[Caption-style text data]
___
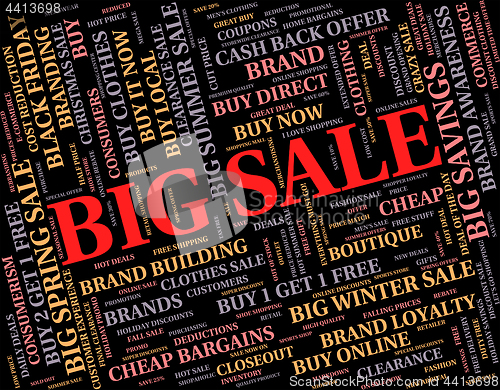 Image of Big Sale Indicates Save Promo And Bargain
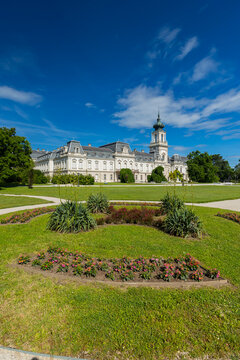 Festetics Palace Keszthely Hungary with garden and blue sky
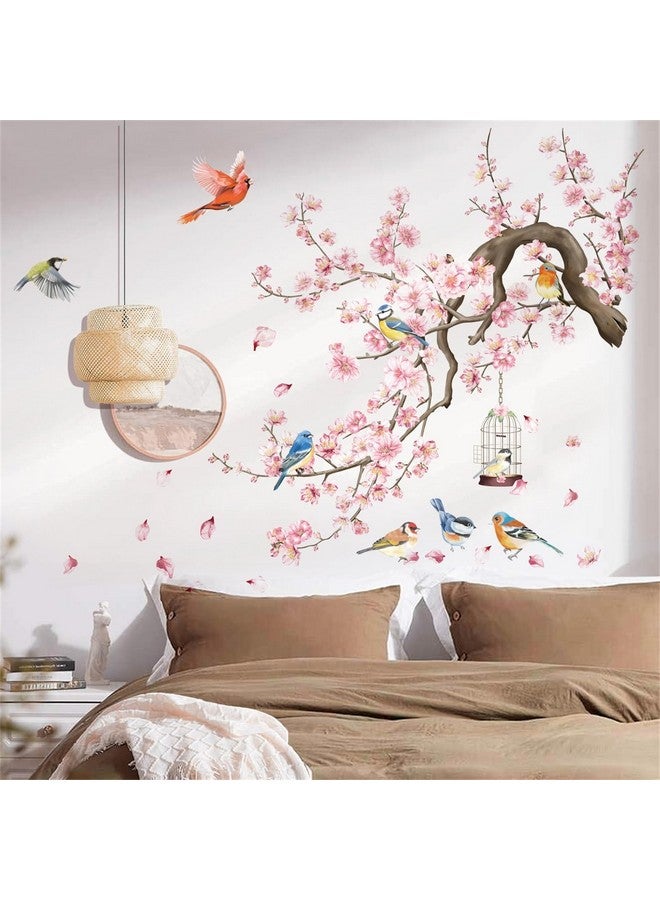 wondever Cherry Blossom Flowers Wall Stickers Pink Floral Tree Branch Birds Peel And Stick Wall Art Decals For Living Room Bedroom Tv Wall - Image 2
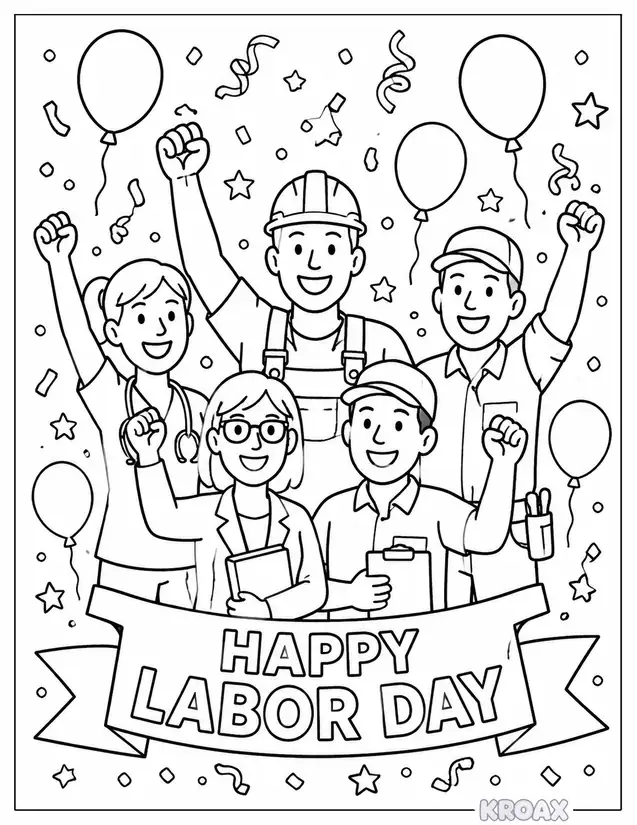workers celebrating with balloons and confetti printable coloring page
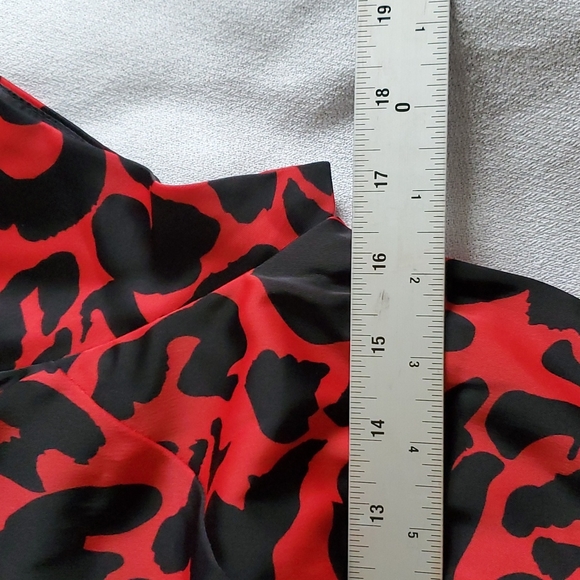 Venus Leopard Print Cap Sleeve Fitted Dress Red - Picture 11 of 12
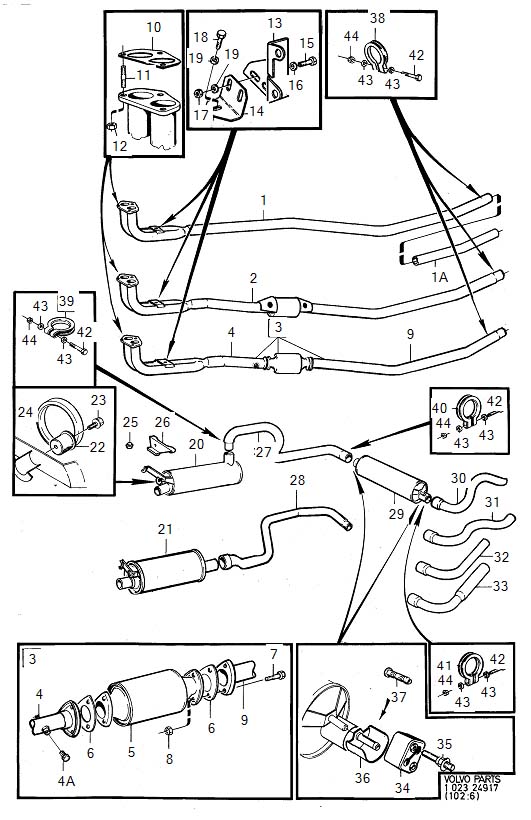 Diagram Exhaust system for your 1998 Volvo V70  2.3l 5 cylinder Turbo 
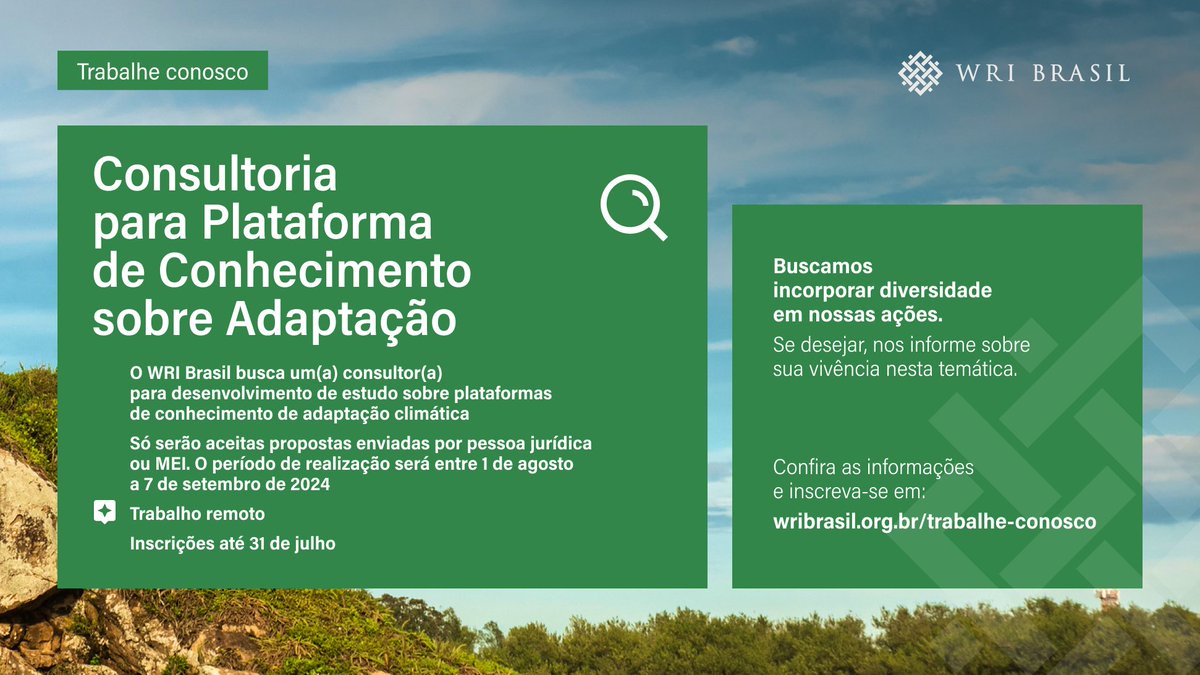 Estamos em busca de uma Consultoria para Plataforma de Conhecimento sobre Adaptação.

Confira mais detalhes e inscreva-se em: wribrasil.org.br/trabalhe-conos…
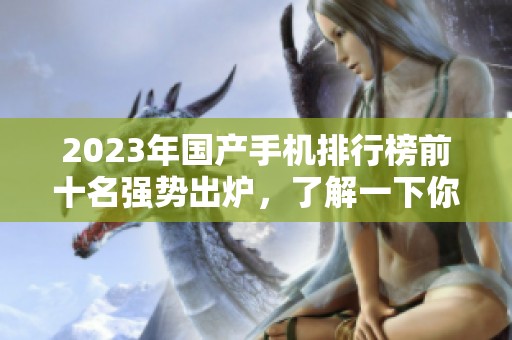 2023年国产手机排行榜前十名强势出炉，了解一下你喜欢的品牌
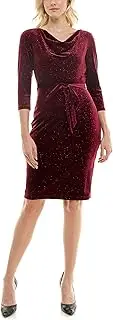 [Maison Tara] Women's Drape Neck Belted Velvet Sheath
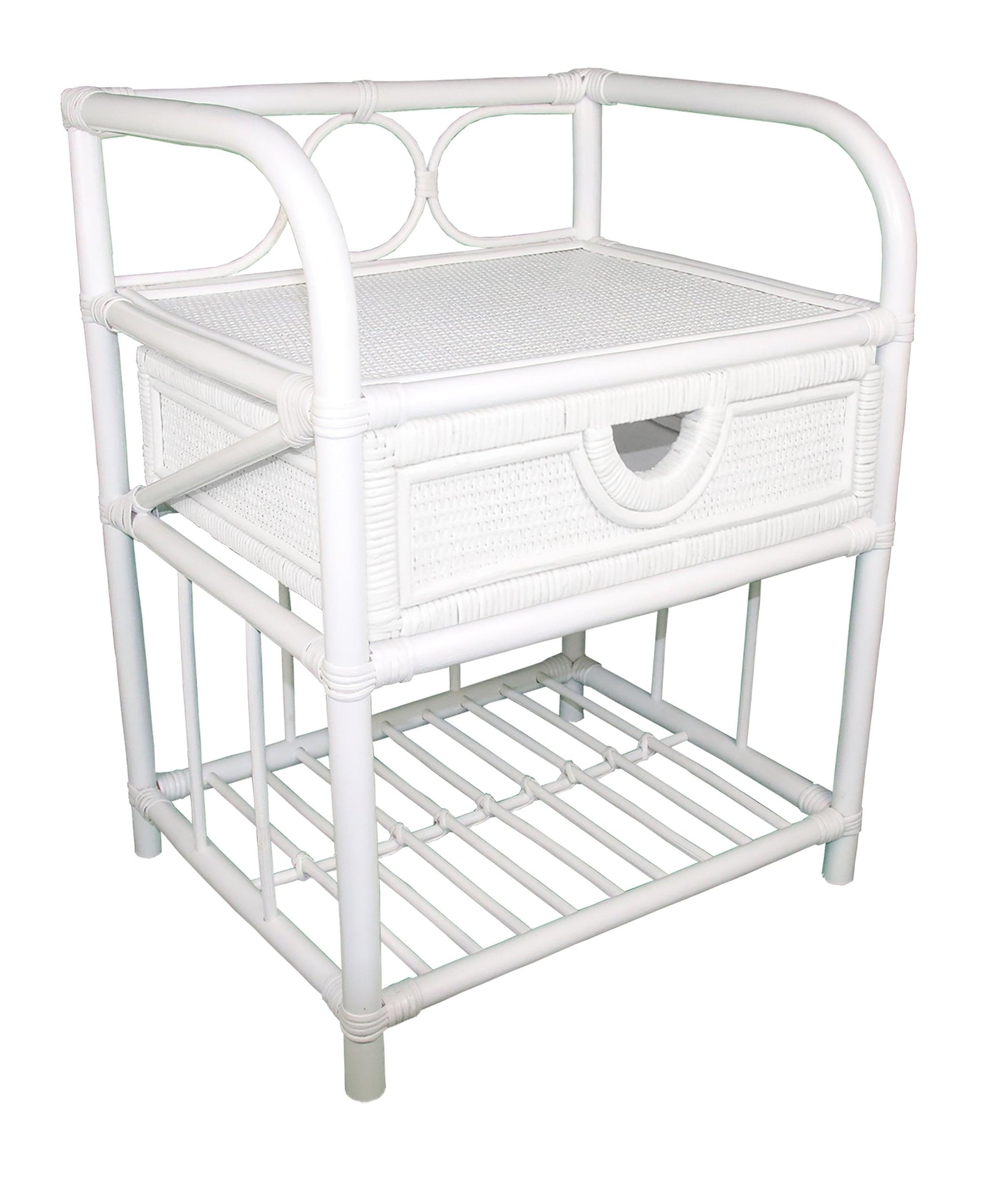 Breeze Suzane Natural Rattan One Drawer Bedside Table Solid White - breezehomeau
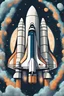 Placeholder: create an image of a space shuttle in space ; realistic style; full bright color ; sharp , clean lines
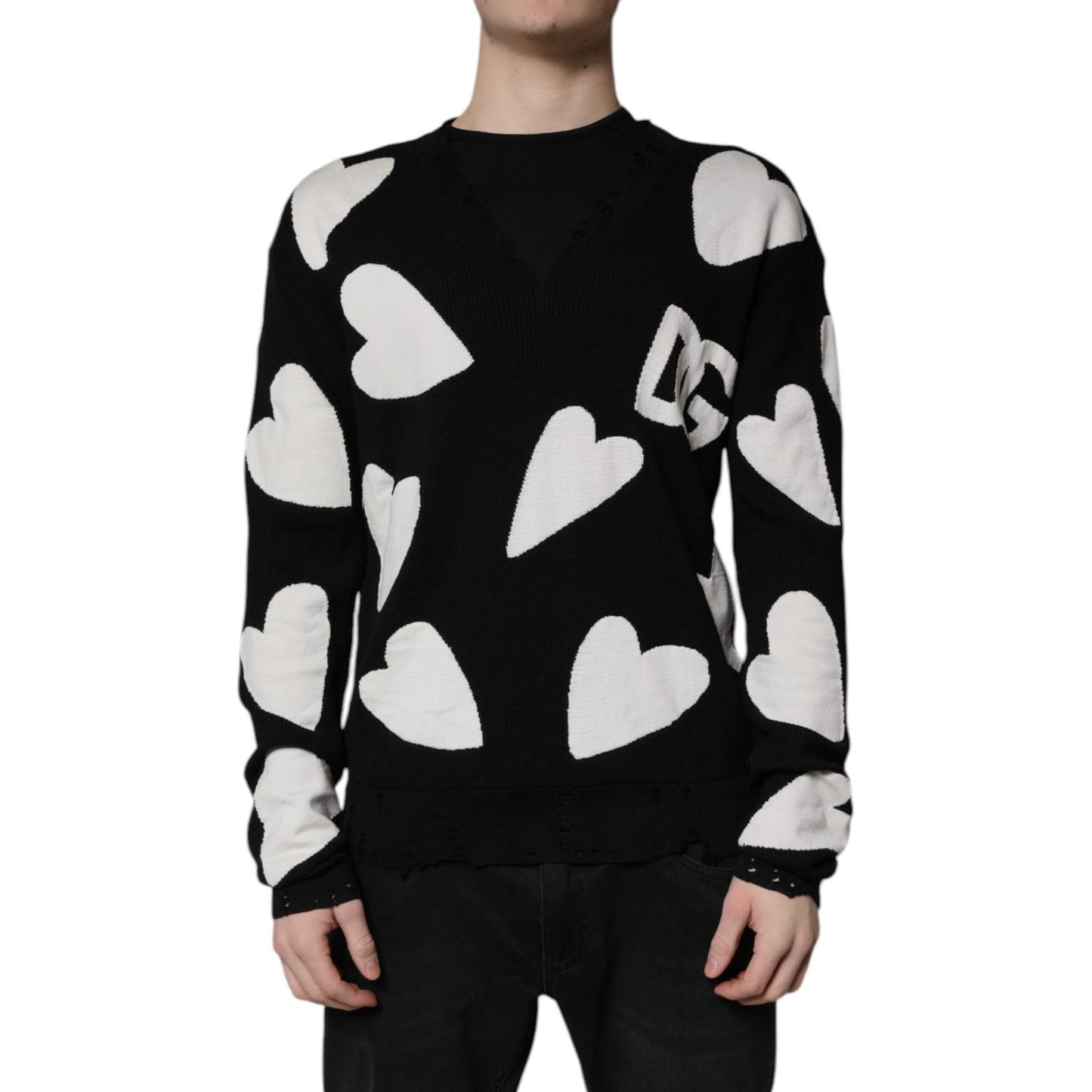 Dolce & Gabbana Black Hearts Silk Crew Neck Pullover Sweater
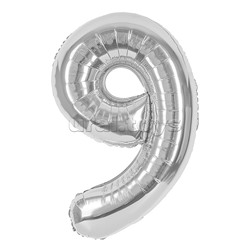 Шар (40''/102 см) Цифра, 9, Серебро, 1 шт. в уп.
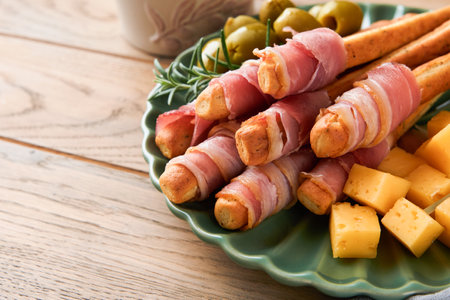 Slices of prosciutto or jamon. Delicious grissini sticks with prosciutto, cheese, rosemary, olives on green plate on dark background. Appetizers table with Italian antipasto snacks Top view copy spaceの写真素材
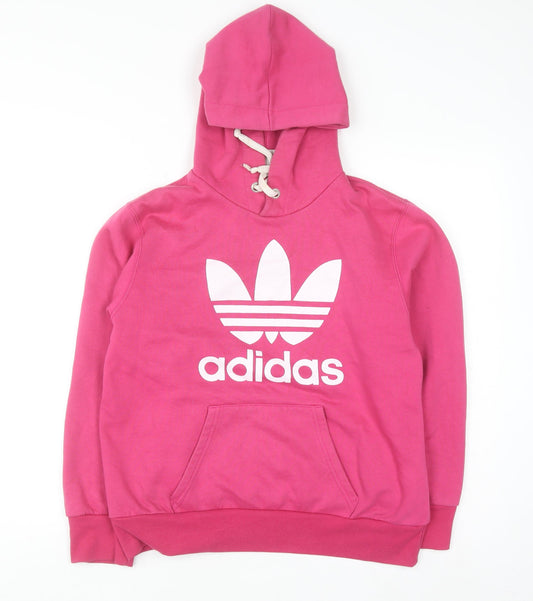Womens UK Size M adidas Pink Pullover Hoodie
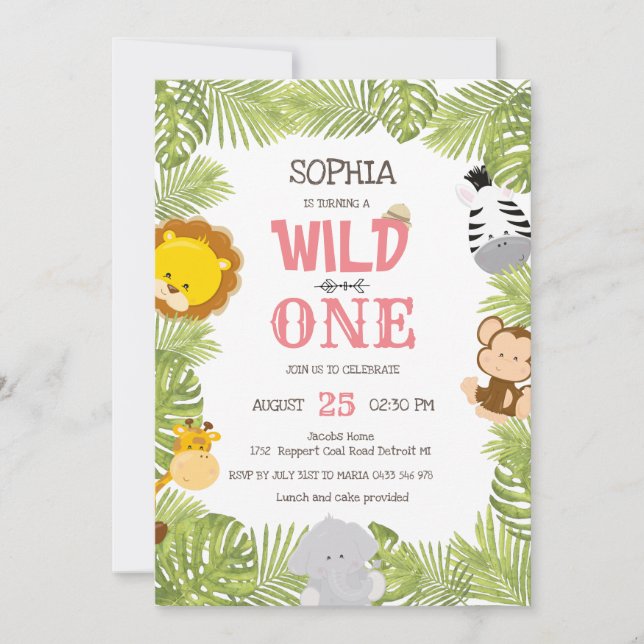 Invitation Wild One Safari Animaux Jungle Premier anniversair (Devant)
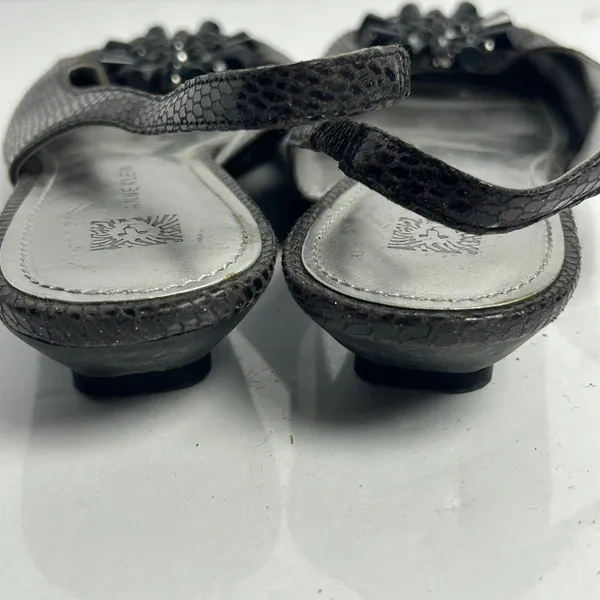 Anne Klein iFlex AK Junior Brown Snakeskin Slingback Kitten Heels Peep Toe 8.5 M - Image 4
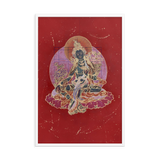 Green Tara on Red - Framed poster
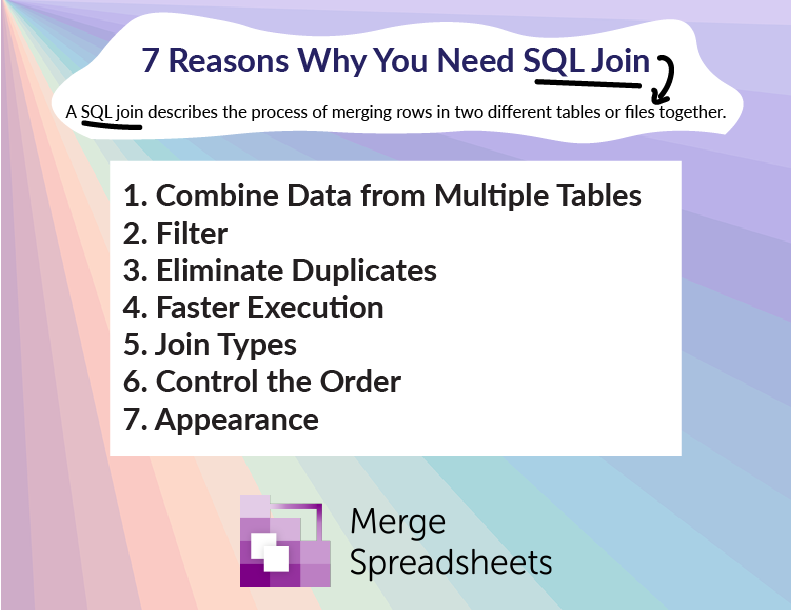 lovespreadsheet's tweet photo. Check out 7 reasons why you should use #SQLJoin ☺️https://t.co/AFSG0WD4Hx https://t.co/EKNMhmWCbz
___
Look above for the line with "Шар (40''/102 см)", then give again exactly every line from there through the line with "Green Tara on Red - Framed poster", skipping the pictures.

 Шар (40''/102 см) Цифра, 9, Серебро, 1 шт. в уп.
 Slices of prosciutto or jamon. Delicious grissini sticks with prosciutto, cheese, rosemary, olives on green plate on dark background. Appetizers table with Italian antipasto snacks Top view copy spaceの写真素材
Womens UK Size M adidas Pink Pullover Hoodie
 Invitation Wild One Safari Animaux Jungle Premier anniversair (Devant)
 Anne Klein iFlex AK Junior Brown Snakeskin Slingback Kitten Heels Peep Toe 8.5 M - Image 4
 Green Tara on Red - Framed poster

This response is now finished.